If your employer has issued you EMI options, you’re the beneficiary of a tax-advantageous share scheme. You can read more about the tax benefits of EMI, but here we’ll explain how your EMI options are issued over a growth share class and what that means for you.
Usually, EMI options are issued over an ordinary share class. This means that when you decide to exercise your options, you’ll have to pay the agreed exercise price set by the company (this is usually the actual market value (AMV) of the shares at the time of issue).
If you work for an established company or have thousands of options to exercise, the cost to exercise your options and own the shares can be expensive. For example, say your company issues you 1,000 options with an exercise price of £5 per share, you’d have to pay £5,000 to own the shares.
Of course, the shares might be worth a lot more than £5 when you exercise your options, but not everyone has the funds to cover the initial exercise price.
However, when a company issues EMI options over a growth share class, the exercise price becomes significantly lower as growth shares are always issued at nominal value (the face value of a share, as determined by how the company’s capital is denominated) or close to. This can be anything from £1 - £0.00001.
Growth shares are essentially worthless upon issue as they have a ‘hurdle rate’ attached to them, which is the value in which the recipient starts to benefit from the shares.
For example, Jane has received 1,000 EMI options that use a growth share class. At the time, the company is valued at £5 per share, but Jane’s growth shares are issued at £0.01 with a hurdle rate of £6.
Exercising these options is a fraction of the cost compared to ordinary shares, but the first £6 of the shares is reserved for ordinary shareholders.

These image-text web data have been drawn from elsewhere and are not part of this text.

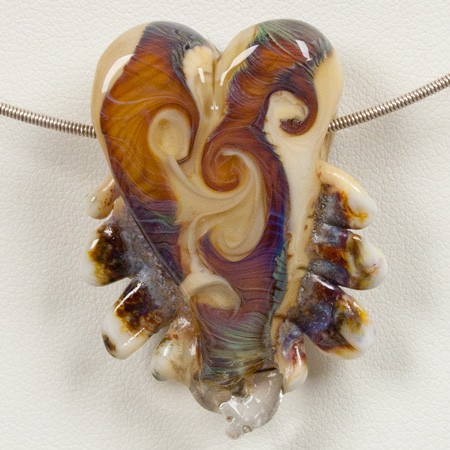 "Flaming Heart" Glass Lampwork Bead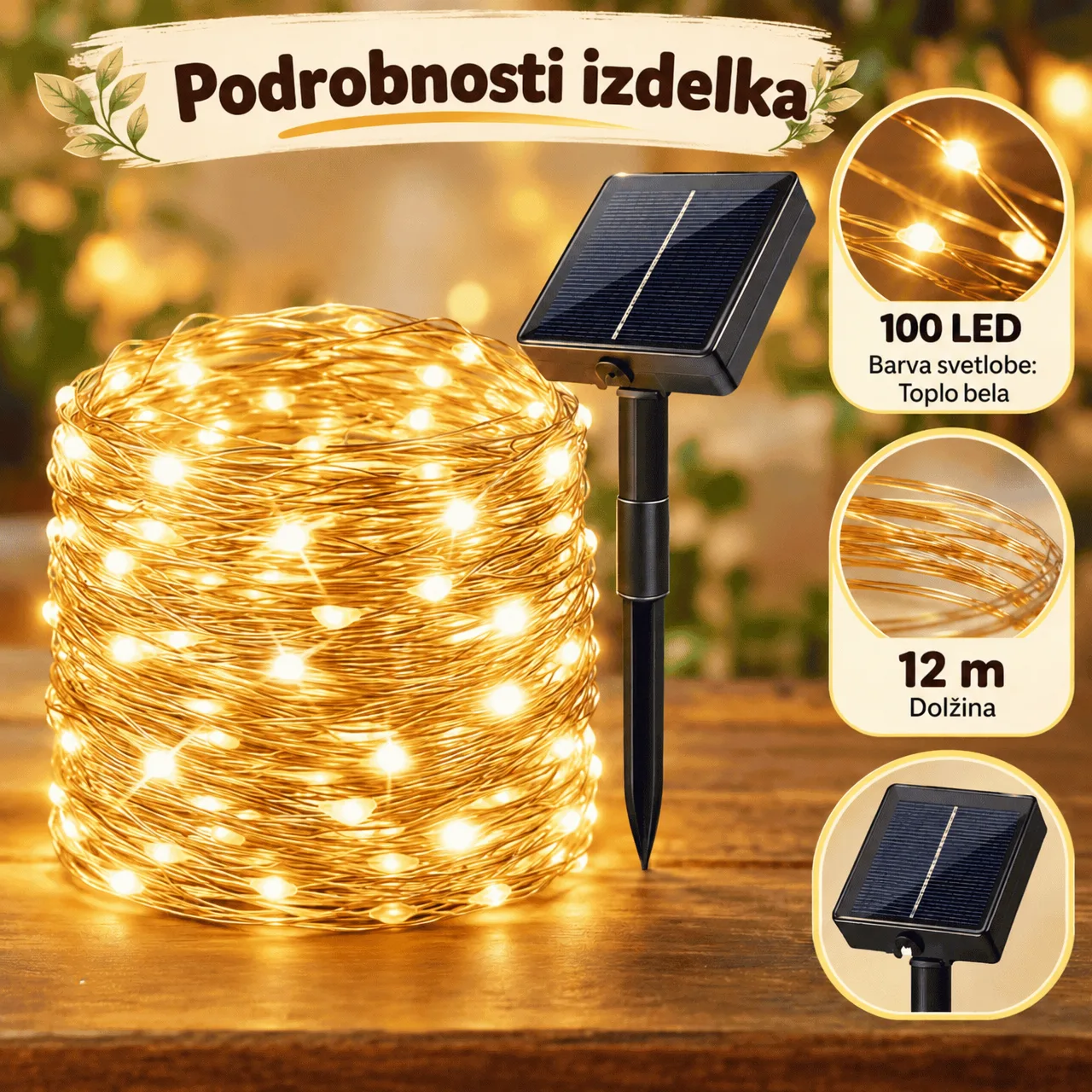 Napelemes LED fényfüzér (12 m), YardLights - Image 2
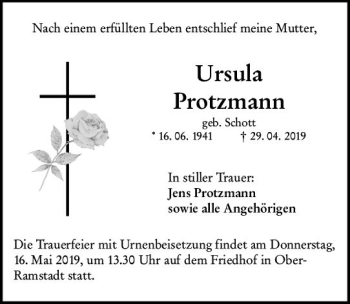 Traueranzeige von Ursula Protzmann von vrm-trauer
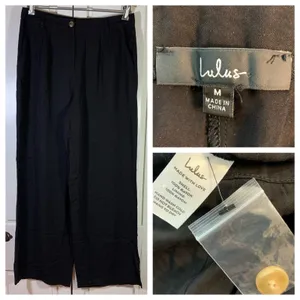 Lulus Black High Waisted‎ Wide Leg Pleated Rayon Trousers Pants Office Church M thumbnail 10
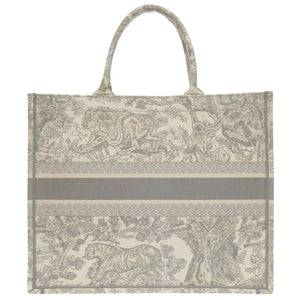 新品同様 クリスチャンディオール ブックトート ラージ キャンバス グレー トートバッグ 0189【中古】Christian Dior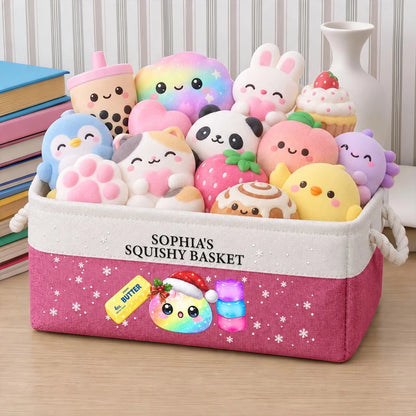 Personalized Cotton Linen Rope Basket for Squishy Toy Display, Unique Gift for Kids and Collectors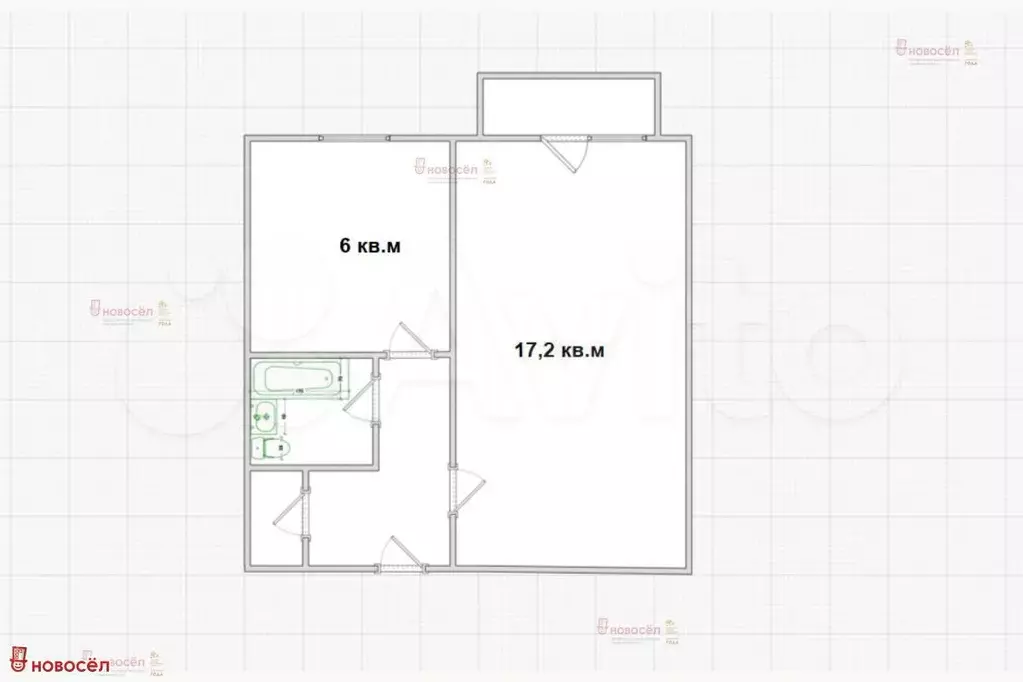 1-к. квартира, 30 м, 3/5 эт. - Фото 0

So when Jane eventually sells her shares, she will benefit from the share price at the time of sale minus the hurdle rate.
Why do companies set hurdles?
Hurdles protect existing shareholders from dilution when new shares are issued. They also ensure new shareholders don’t benefit from the work of the people before them.
Continuing from the example above, if a new employee had the same hurdle of £6 when the shares are now worth £10, it wouldn’t be fair to you if they profit from the work you’ve done to grow the company to £10 per share. Instead, their hurdle will be higher to reflect the value they add to the company from that point onwards.